EWTN Catholic Q&A
Existence of One God
Question from Nick on 09-07-2012:

Dear Dr. Richard,

Recently I've had a few discussions with my wife who considers herself a secularist. I've asked her about her belief in God and she says that she doesn't know if she can believe in the idea of God as I do as a Catholic. She states that if God created everything then something had to have created God, and that a another God would have had to create that God, and so on. She stated that if she were to believe in God then why not ten or twenty gods. In other words she believes that there is a possibility for a line of creation that extends from a singular God who kept on creating clones of himself, instead of a singular creator who exists as He is, and is simp,y creation Himself. What would you recommend for me to do in order to present God to her and help her to understand God not as a continual creation of a pre-existing God but as a singular trinitarian God that has, is, and always will be?

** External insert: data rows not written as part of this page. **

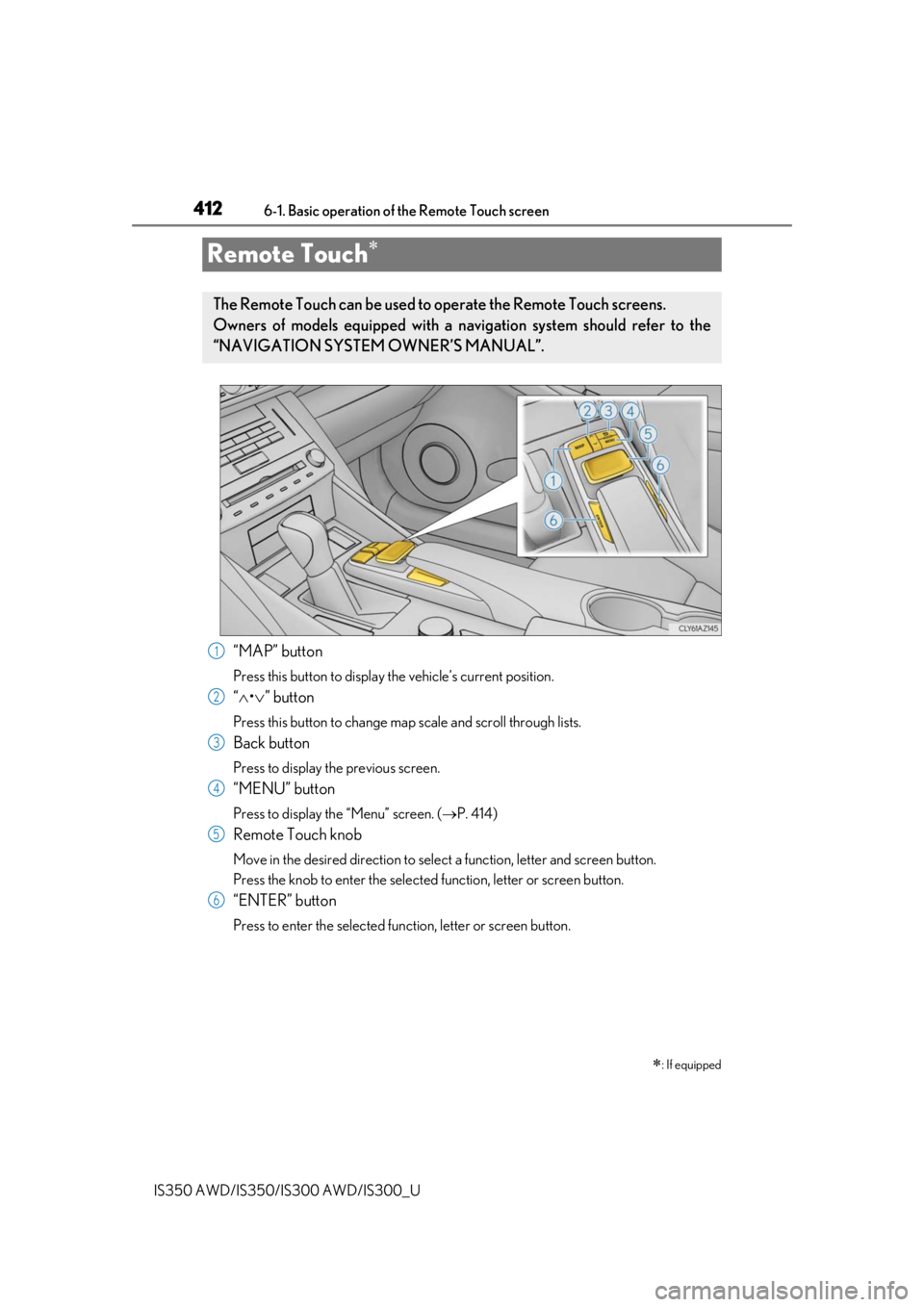 Lexus IS350 2019   / 2019 IS300,IS350  (OM53E71U) User Guide 412
IS350 AWD/IS350/IS300 AWD/IS300_U6-1. Basic operation of the Remote Touch screen
“MAP” button
Press this button to display 
the vehicle’s current position.
“ • ” button
Press thi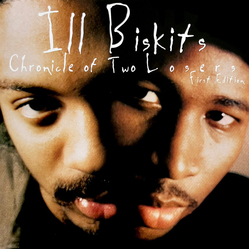 Ill Biskits Chronicle Of Two Losers (First Edition) Vinyl LP USED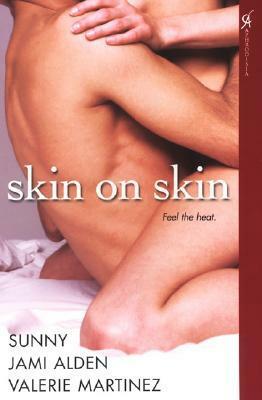 Skin on Skin by Jami Alden, Sunny, Valerie Martinez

Answer by Richard Geraghty on 09-21-2012:

Dear Nick,

You can point out to her that if she is right about every god having a beginning, then the the Christian God is impossible. He is the first cause. He cannot be caused. She is assuming that everything must be caused, even creators. The pagan Aristotle and the Christian Aquinas argue that an infinity of causes each causing the other is impossible. You could study up on that. But the more pertinent question is this: Does she want that there be a God or is she indifferent about it? If she is indifferent to the idea or even hostile, all philosophical arguments will be a waste of time. Why do any intellectual labor over a matter to which one is indifferent or even hostile?